In the above description, details are set forth by way of example to facilitate an understanding of the disclosed subject matter. It should be apparent to a person of ordinary skill in the field, however, that the disclosed implementations are exemplary and not exhaustive of all possible implementations. Thus, it should be understood that reference to the described examples is not intended to limit the scope of the disclosure. Any alterations and further modifications to the described devices, instruments, methods, and any further application of the principles of the present disclosure are fully contemplated as would normally occur to one skilled in the art to which the disclosure relates. In particular, it is fully contemplated that the features, components, and/or operations described with respect to one implementation may be combined with the features, components, and/or operations described with respect to other implementations of the present disclosure. As used herein, the term “about” may refer to a +/−10% variation from the nominal value. It is to be understood that such a variation can be included in any value provided herein.

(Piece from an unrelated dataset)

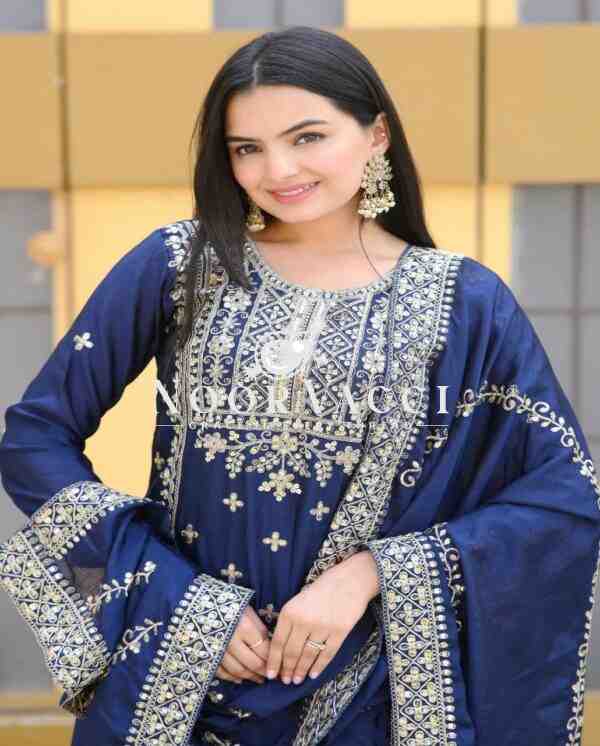 Graceful Chinon Sharara Suit with Coding Sequin Embroidery - Image 3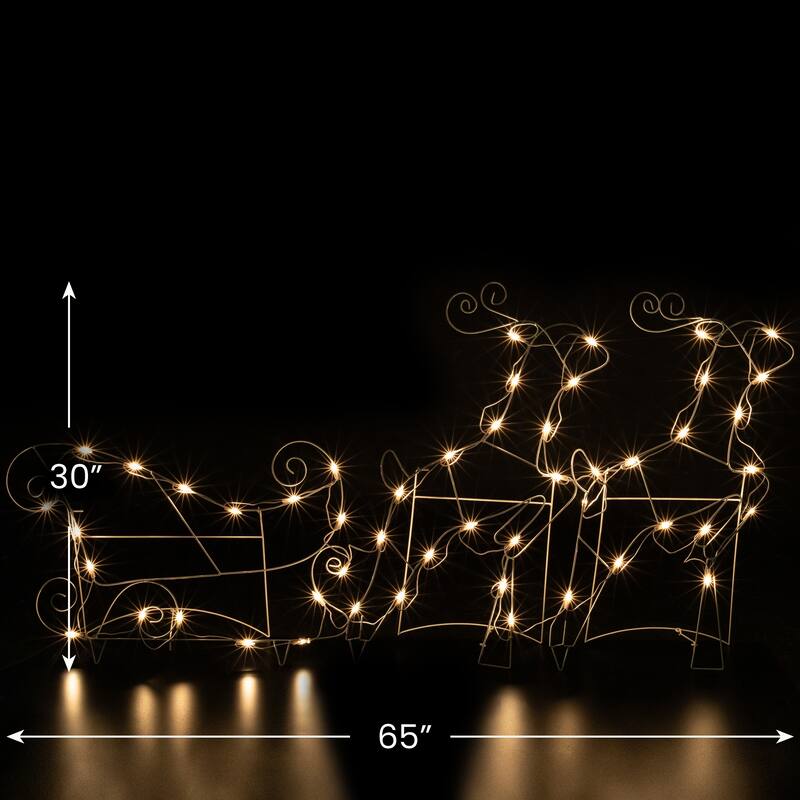 3-Piece Lighted Reindeer and Sleigh Outdoor Christmas Decoration Set - White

As used herein, “a processor,” “at least one processor” or “one or more processors” generally refers to a single processor configured to perform one or multiple operations or multiple processors configured to collectively perform one or more operations. In the case of multiple processors, performance of the one or more operations could be divided amongst different processors, though one processor may perform multiple operations, and multiple processors could collectively perform a single operation. Similarly, “a memory,” “at least one memory” or “one or more memories” generally refers to a single memory configured to store data and/or instructions, multiple memories configured to collectively store data and/or instructions.

As used herein, a phrase referring to “at least one of” a list of items refers to any combination of those items, including single members. As an example, “at least one of: a, b, or c” is intended to cover: a, b, c, a-b, a-c, b-c, and a-b-c, as well as any combination with multiples of the same element (e.g., a-a, a-a-a, a-a-b, a-a-c, a-b-b, a-c-c, b-b, b-b-b, b-b-c, c-c, and c-c-c or any other ordering of a, b, and c).

The methods disclosed herein comprise one or more operations or actions for achieving the described method. The method operations and/or actions may be interchanged with one another without departing from the scope of the claims. In other words, unless a specific order of operations or actions is specified, the order and/or use of specific operations and/or actions may be modified without departing from the scope of the claims.

While the foregoing is directed to embodiments of the present disclosure, other and further embodiments of the disclosure may be devised without departing from the basic scope thereof, and the scope thereof is determined by the claims that follow.